Ekonomik sermaye modelleri sigorta şirketlerine, karşılaştıkları riskleri, bu riskleri karşılamak için gerekli sermayeyi ve risk ayarlı mevcut kârlılık veya hedeflenmesi gereken kârlılığı, rakamsal olarak hesaplama olanağı veriyor. Bu modeller yönetimin risk ve getiri arasındaki dengeyi muhakeme etme ve böylelikle tehditleri, zayıf noktaları ve piyasa fırsatlarını tespit kabiliyetini geliştiriyor. 2008 yılında Avrupa sigorta sektöründe Kurumsal Risk Yönetimi'ne ("KRY") ilişkin PricewaterhouseCoopers tarafından yapılan küresel bir araştırmada katılımcılarının yaklaşık yüzde 90 gibi bir kısmı, ekonomik sermaye programlarını uygulamanın sonucunda şirketlerinde daha iyi bir sermaye tahsisi ve daha etkin bir stratejik değerlendirmenin oluştuğunu ya da bu konularda daha başarılı olmayı beklediklerini belirttiler.

Bununla birlikte en gelişmiş risk modelleri dahi, temel alınan veriler, yaklaşımın kapsamı, model varsayımların geçerliliği ve yönetimin sonuçları doğru yorumlayabilme kabiliyeti ölçüsünde etkin olabilir.
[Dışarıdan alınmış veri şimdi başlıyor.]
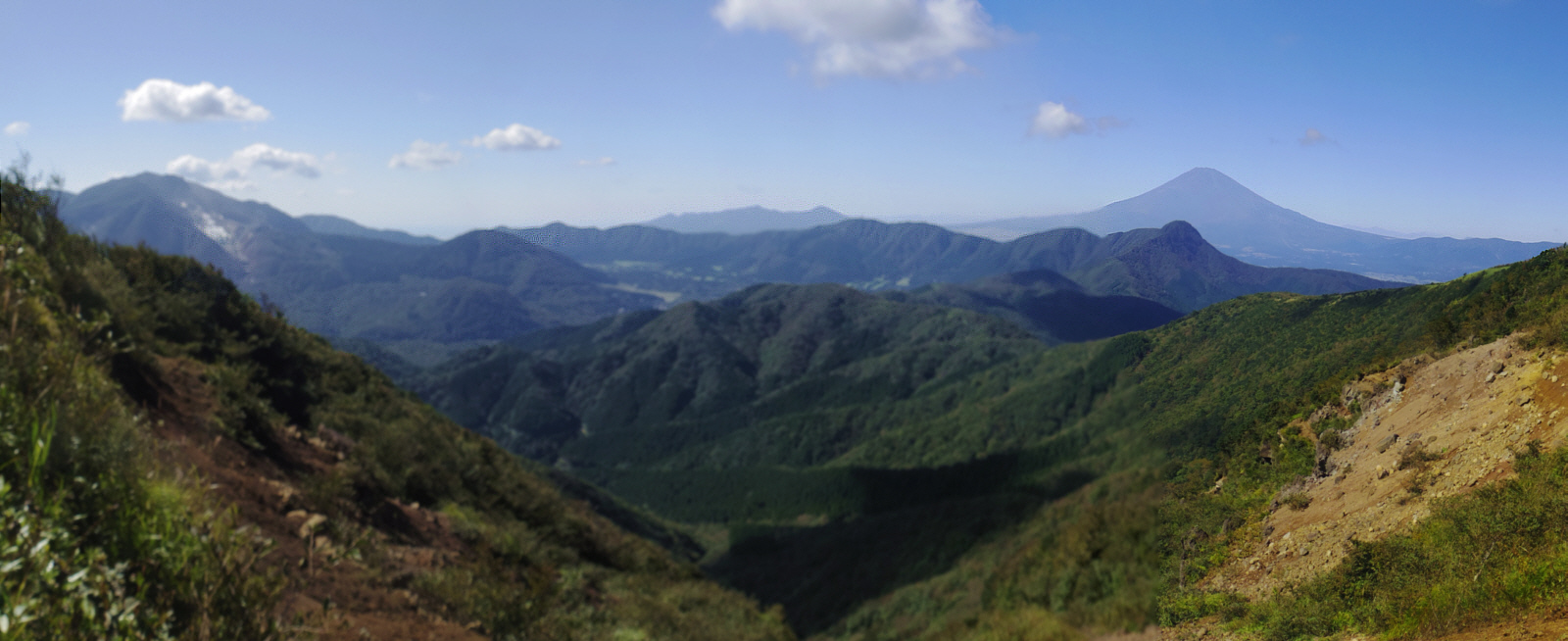 ���_���x�R��������̕x�m�R�@�@�@�@�@�@�@�@2016�N10��15���@11�F21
Geçmiş yıllarda yaşanan bazı olaylar da, üçüncü şahıs derecelendirmelerine büyük ölçüde bağımlı olan finansal sektör genelinde risk modellerine olan piyasa güveni sarsılmıştır. Bunun sonucunda Türkiye'de olmasa bile Avrupa'da analizciler, yatırımcılar ve denetim komiteleri tarafından daha da derinlemesine sorulara muhatap olan üst düzey yöneticiler, şirketlerinin risk ve aktüerya ekiplerinden risk modellemelerinin "amaca uygun" olduğunun somut güvencesini sunmalarını talep ediyor.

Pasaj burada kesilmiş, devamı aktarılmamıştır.